I have and will continue to use various one mic setups in a live setting...However,It is not really our decision as a sound tech.If the band is committed to the technique and are willing to practice, it can be effective.The day of the show is not the time to be experimenting with something new.Sent from my DROID RAZR HD using Tapatalk
+1! We do this all the time for bands that have the one mic configuration as their preference. It all comes down to properly deploying the rig for the gig and ensuring that you have enough GBF. Putting the stacks with poor pattern control on the front corners of the stage is NOT going to work. You can't beat the laws of physics but you can try to use them to your advantage.Jeff
Had a successful gig despite rain ( rain in April, who-da-thought?). I do only a one or two of these types of multi-act festival style gigs a year, so you guy's input was helpful. Labeling mic stands and utilization of drop snakes, along with power strings up and down stage were key.Thanks again. Here's some pictures, everyone one loves pictures!Mike
Now you can appreciate why I have lots of short mic stands....

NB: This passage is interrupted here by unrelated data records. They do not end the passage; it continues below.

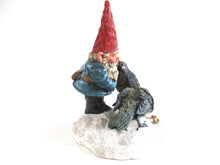 UpperDutch:Gnome,'Thomas & Birds' Classic Gnomes figurine. David the gnome feeding birds in the snow. Designed by Rien Poortvliet.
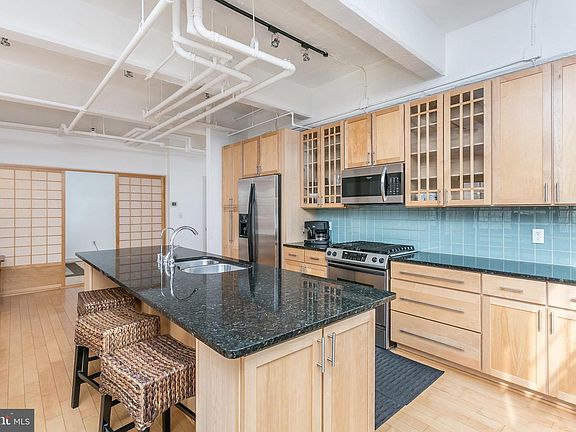 3rd image of 234 Holliday St #Nit-206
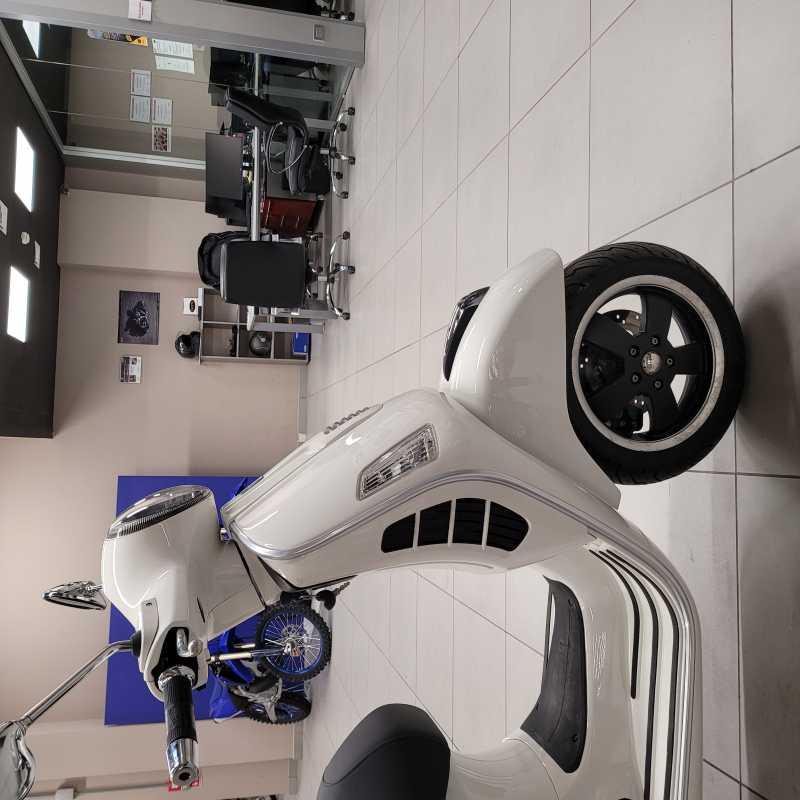 Vespa GTS 300 - 2012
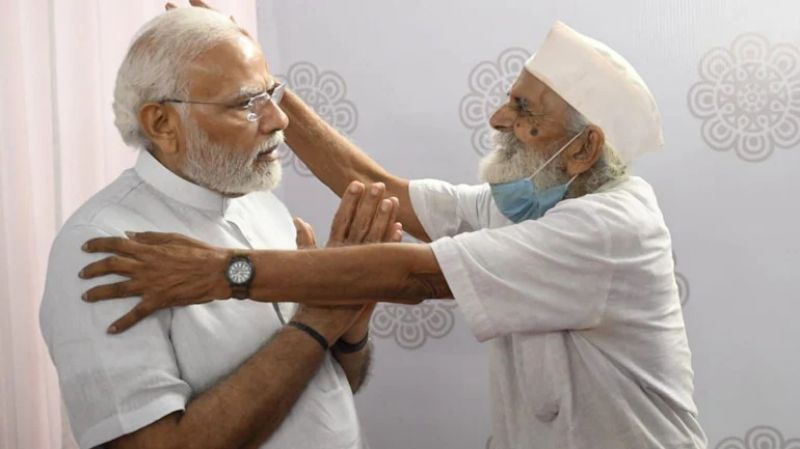 PM modi with his school teacher Jagdish Naik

Those the new JTRs along with your first pair?How is Kelly?Sent from my iPad using Tapatalk HD
Hi Dick! Yup I KNEW Id get some mic etiquette pokes ( they also double as lightning rods to protect the performers ) Actually their length was needed several times, so a trade off...
I have a few AT Pro7's that I can stuff inside mandolins, dulcimers and such thus dispensing with the need for any stand at all. My cooection of short stands started specifically to do Indian ensembles seated on the floor, so the groups in the photos are very familiar to me. I probably do more of this variety stuff than bands.Fun, eh?